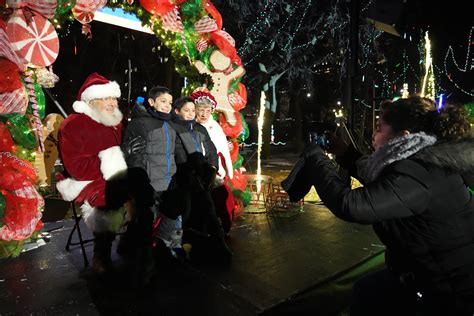 A Dazzling Downtown: Milwaukee celebrates 109th Christmas Tree with ...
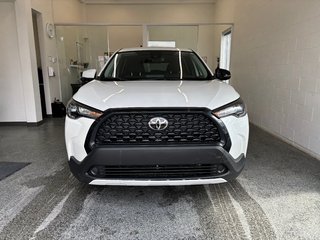 Toyota Corolla Cross LE AWD, 2022 à Magog, Québec - 6 - w320h240px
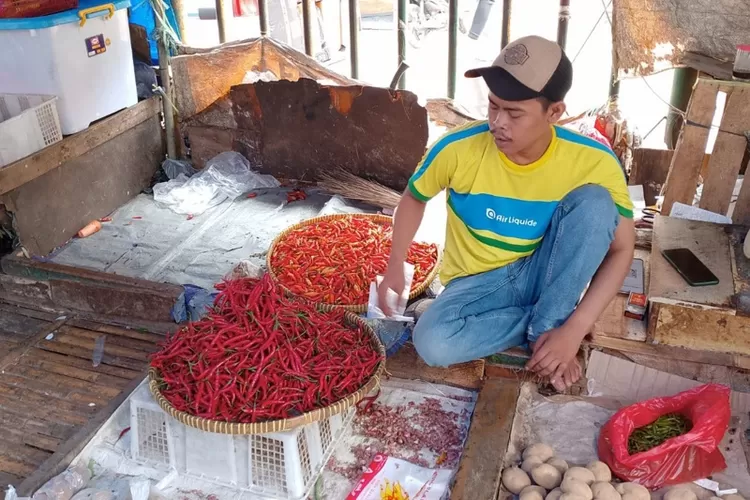 Harga Cabai Rawit Merah Di Pasar Baru Bekasi Tembus Rp Ribu Per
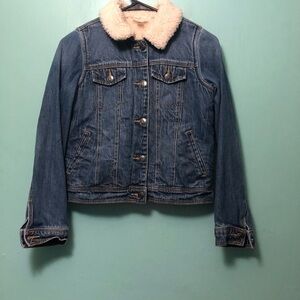 Kids size 10/12 large denim jacket great condition except one sleeve snap broke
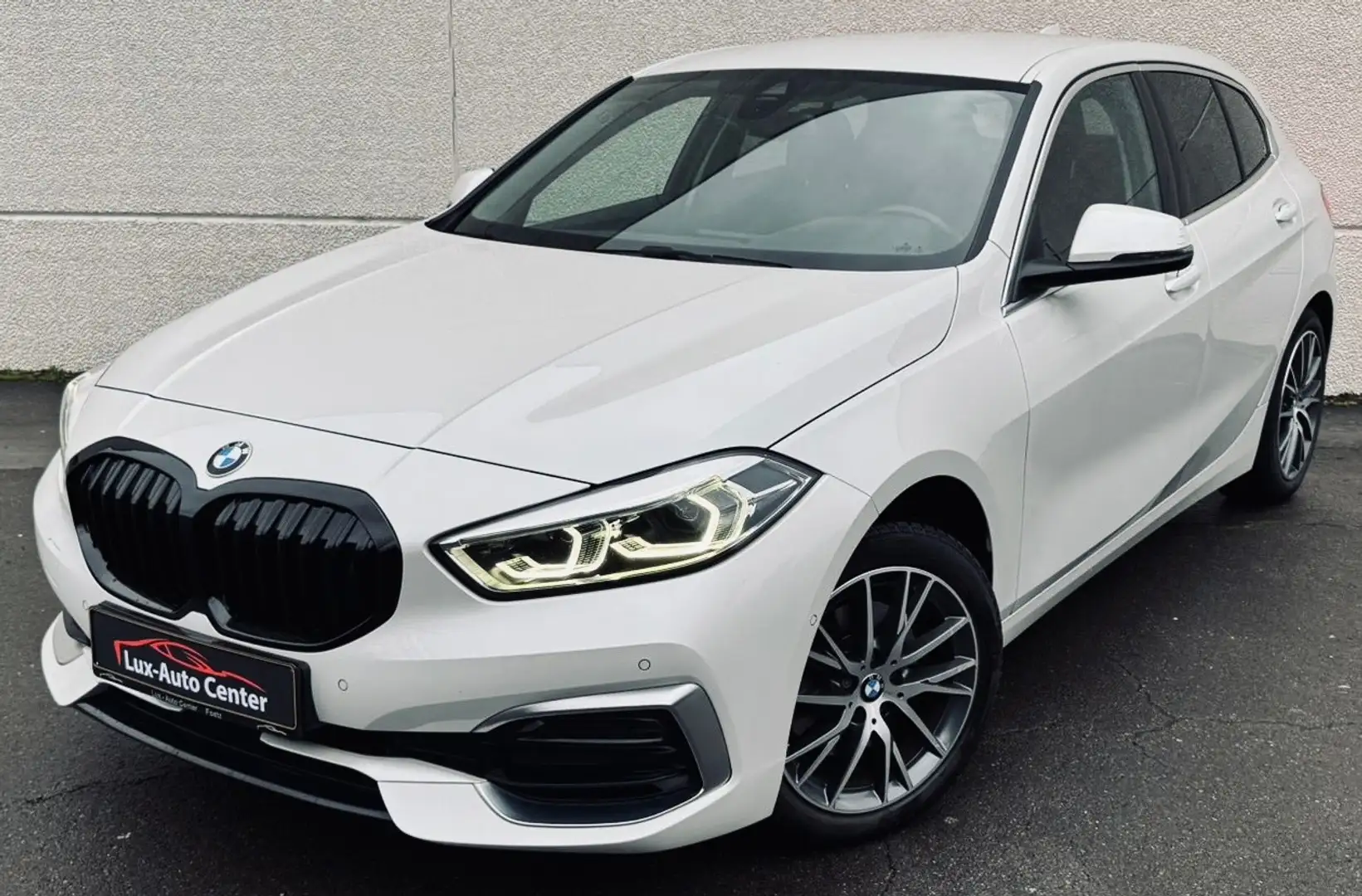 BMW 118 118i Automatique // Sport line //Garantie 12 Mois Blanc - 2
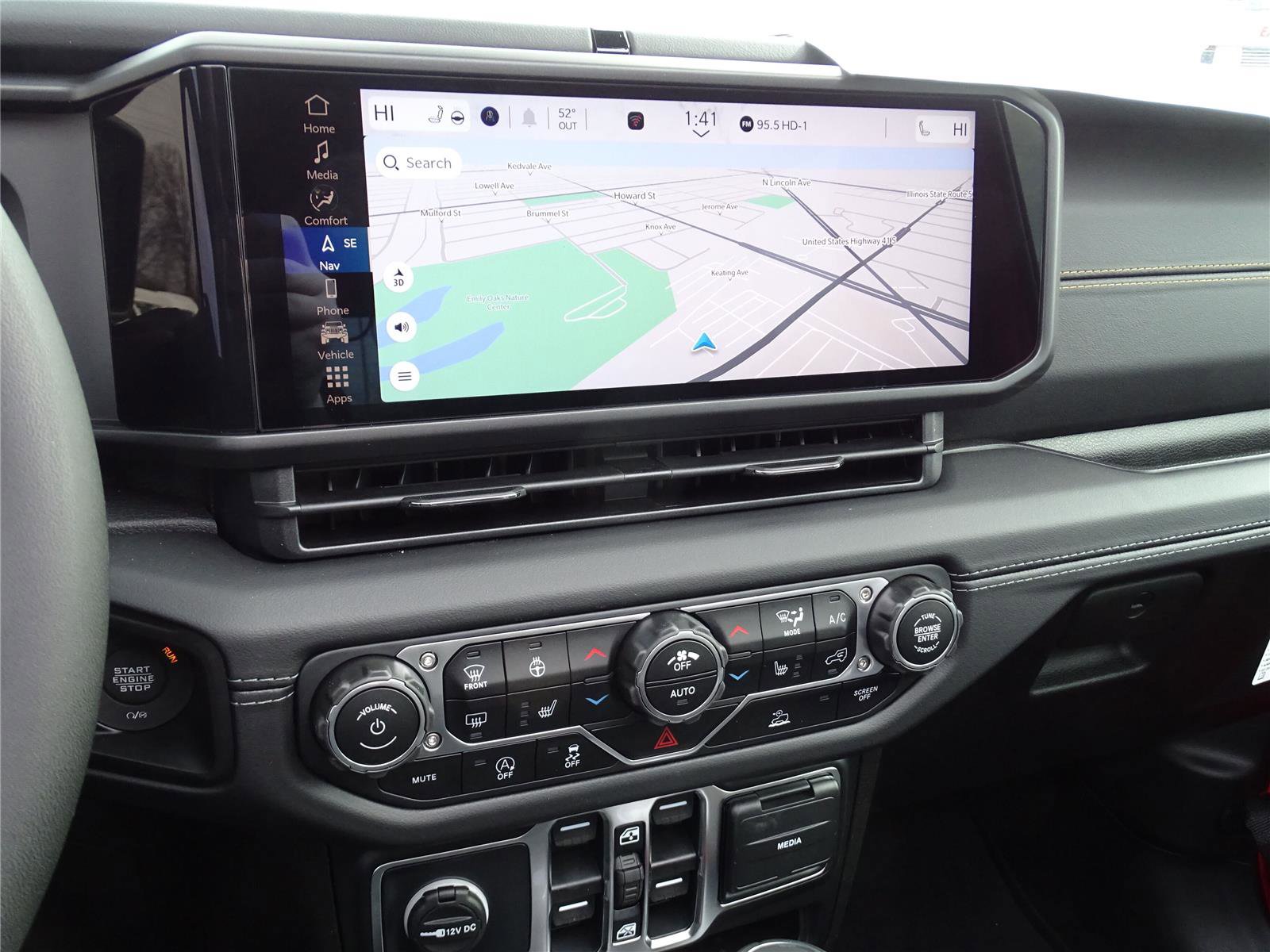 New 2025 Jeep Wrangler Sahara w/ Technology Group image 28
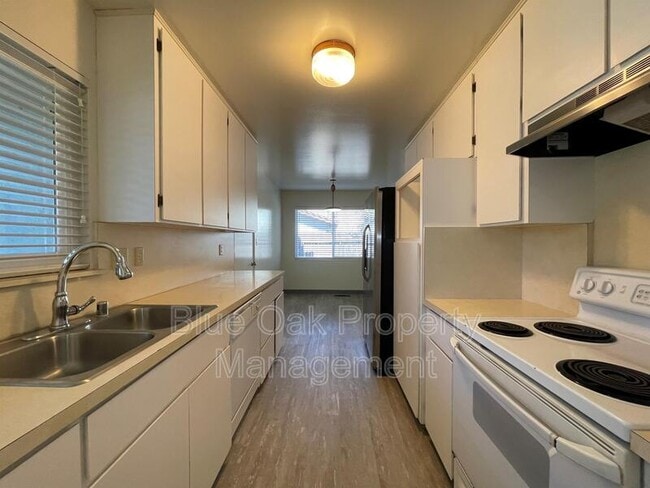 Foto del edificio - 6 Begonia Ln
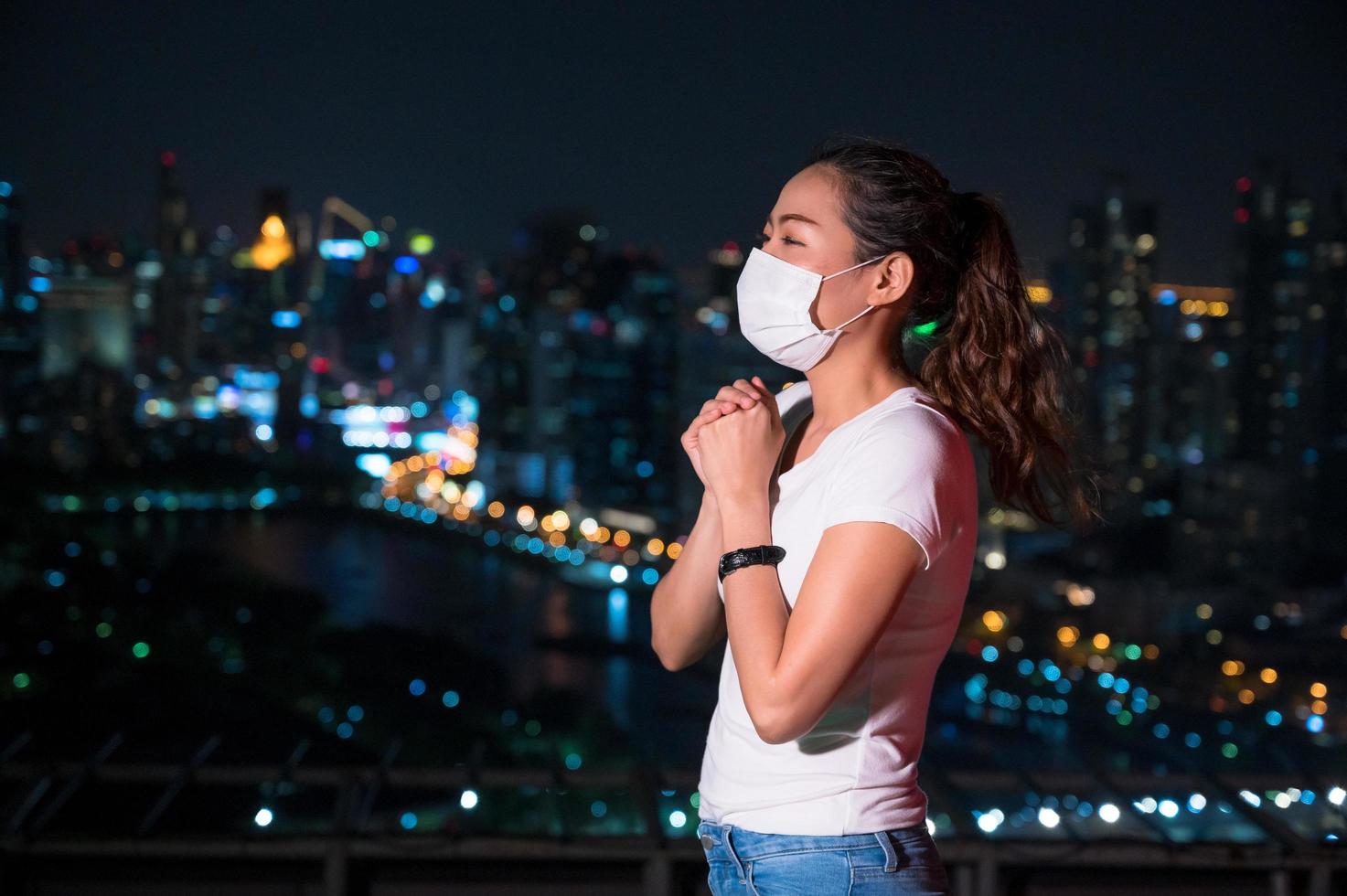 las mujeres asiáticas tienen que usar una máscara para cubrir la cara para evitar la contaminación del polvo foto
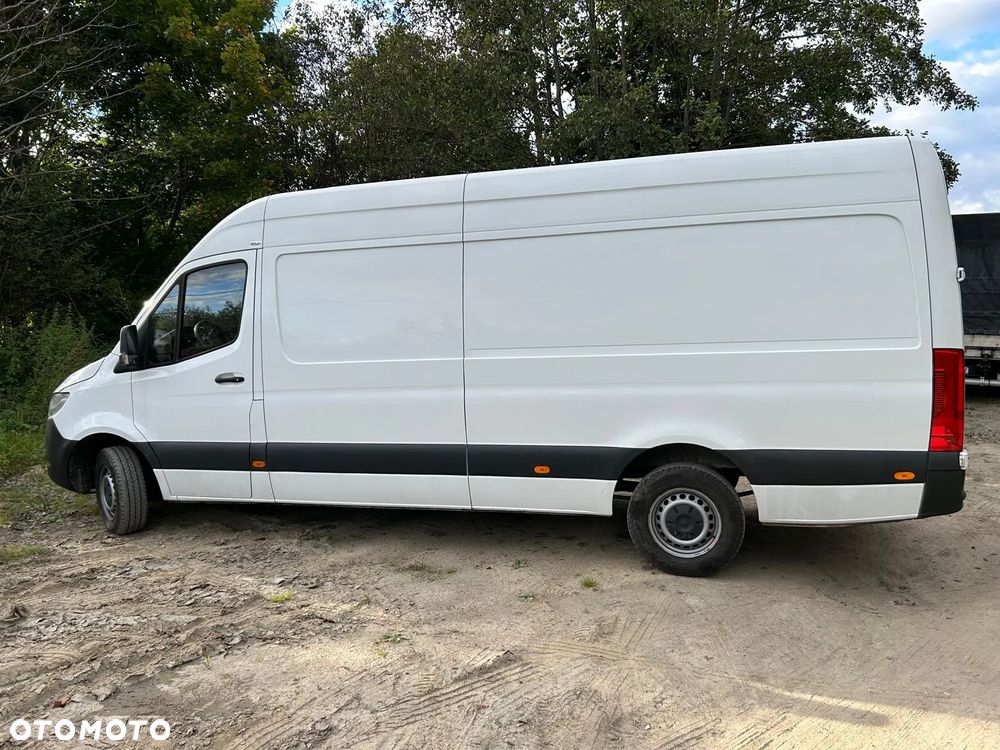 Mercedes-Benz Sprinter - 7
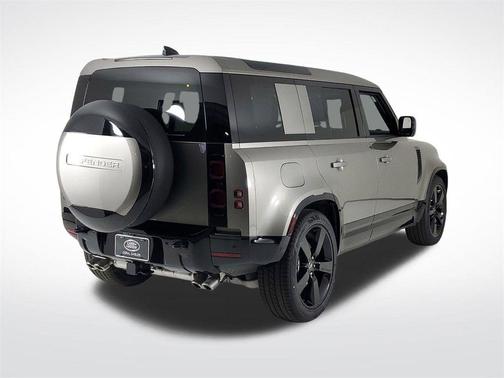2025 Land Rover Defender P500 X-Dynamic SE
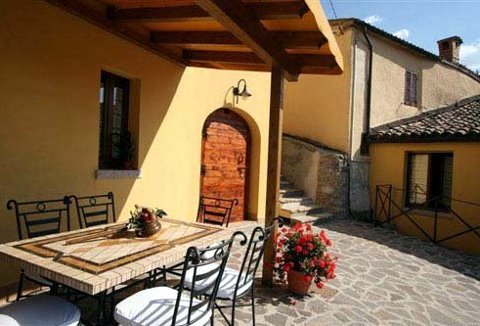 Photo APPARTAMENTI COUNTRY HOUSE IL FALCO a PIOBBICO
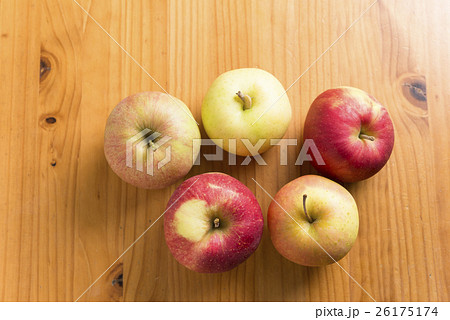 不揃いリンゴ 26175174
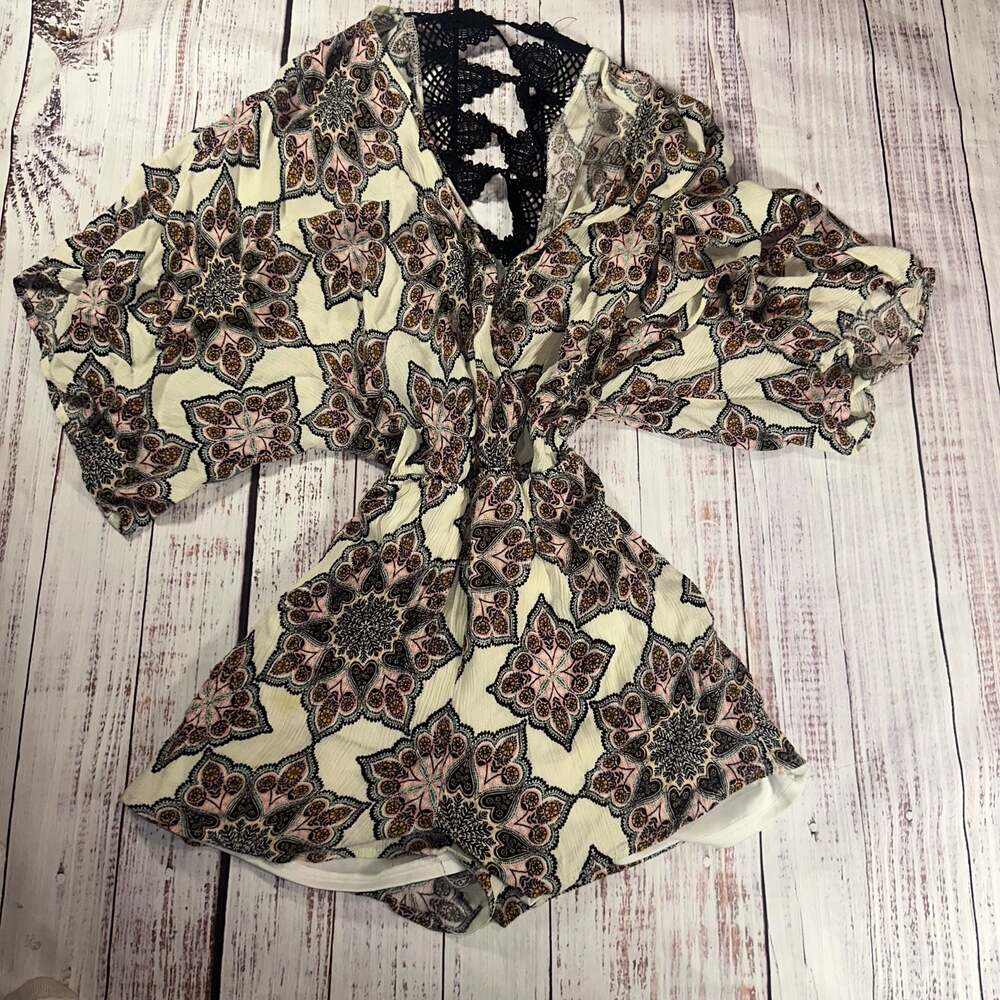 Charlotte Russe Paisley Y2k Medallion Indie Romper with Crochet Back Detail-XS - Picture 1 of 7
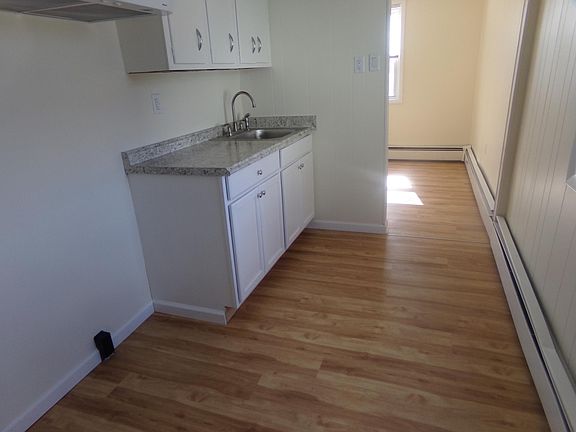 4th image of 16 Main St APT 3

——

Word for word, restate all of the records. Exclude the pictures.

 A Dazzling Downtown: Milwaukee celebrates 109th Christmas Tree with ...
 Toyota Corolla Cross LE AWD, 2022 à Magog, Québec - 6 - w320h240px
 Harga Cabai Rawit Merah Di Pasar Baru Bekasi Tembus Rp Ribu Per
 Kids size 10/12 large denim jacket great condition except one sleeve snap broke
 BMW 118 118i Automatique // Sport line //Garantie 12 Mois Blanc - 2
 New 2025 Jeep Wrangler Sahara w/ Technology Group image 28
 Foto del edificio - 6 Begonia Ln
 las mujeres asiáticas tienen que usar una máscara para cubrir la cara para evitar la contaminación del polvo foto
 Mercedes-Benz Sprinter - 7
2025 Land Rover Defender P500 X-Dynamic SE
 Photo APPARTAMENTI COUNTRY HOUSE IL FALCO a PIOBBICO
 不揃いリンゴ 26175174
 Charlotte Russe Paisley Y2k Medallion Indie Romper with Crochet Back Detail-XS - Picture 1 of 7
 4th image of 16 Main St APT 3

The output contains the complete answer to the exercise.